Là, sur le trajet, très proche de leur position initiale, des restes d’une attaque coloraient l’élément incolore et teintaient les lueurs saphir du plancher marin en un rouge vermillon. Pour se rassurer, en essayant de rester logique, Ren se persuada qu’il ne s’agissait que d’une attaque entre animaux et qu’il n’y avait toujours rien à craindre. Le cœur en plein déni, il suivait le groupe, l’aidait à progresser. Il ne fallait pas céder à la panique et à la précipitation, cela réduirait de façon probable leur chance de survie. Voyant ses poumons arriver à leur limite, le manieur d’encre poussa le premier de cordée et fit accélérer tout l’ensemble, sa faiblesse ne devait pas mettre un terme à cette mission. Là, ils arrivèrent à un autre refuge, ils n’avaient donc pas menti, de nombreuses zones respirables parsemées cet endroit.
Suivant et mémorisant les indications de celui qui le précédait, Ren réfléchissait.

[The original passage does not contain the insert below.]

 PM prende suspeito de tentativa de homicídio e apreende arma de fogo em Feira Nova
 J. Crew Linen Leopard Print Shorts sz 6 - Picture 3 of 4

Au dire des natifs de ces souterrains, les créatures seraient sensibles à la lumière, peut-être que la flore de cet endroit pouvait les aider ? Dans le pire des cas, cela fera toujours un sujet d’étude en plus, ne jamais perdre l’occasion de pouvoir apprendre de nouvelles choses. Profitant de l’inertie de cette troisième plongée, l’homme tatoué se pressa de racler le sol et d’y arracher des spécimens bioluminescents, les mettant dans ses poches en attendant le moment propice. La corde avait suffisamment de moue pour ne pas entraîner les autres dans cette tâche atypique. Si sa curiosité et son intelligence devaient lui porter défaut, soit, il l’accepterait, mais jamais au grand jamais, cela devait se retourner contre ses comparses.
Par la suite, le Kodama ne fit plus de détours et suivit scrupuleusement les consignes données précédemment. En effet, de sa main gauche, il effleurait la paroi granuleuse pour s’aider à se diriger. Cette subtile caresse apaisait l’âme de l’élu, il n’appréciait guère cette aventure. C’est alors que le moment tant redouté eut lieu. Ils avaient été avertis, pour continuer, ils allaient franchir un couloir d’eau et de vide, plus aucun support sur lequel se reposer. La rapidité et la coordination étaient les clefs du succès de cet acte intrépide. Suivant l’action amorcée, à un rythme soutenu, Ren se jeta dans le vide en quête du premier mur venu. Il se cramponnait à ses senbons comme s’ils lui garantissaient la sécurité et le succès. Une fois arrivé, il fit le compte à travers l’eau trouble, les ouvriers et Katataka semblaient suivre. Pour le moment, tout se passait plutôt tranquillement. Néanmoins, le mercenaire torse-nu se montrait méfiant, il ne voulait pas baisser la garde. Avançant jusqu’au guide, il lui fit signe que tout était bon, qu’ils pouvaient continuer sans déplorer la moindre perte.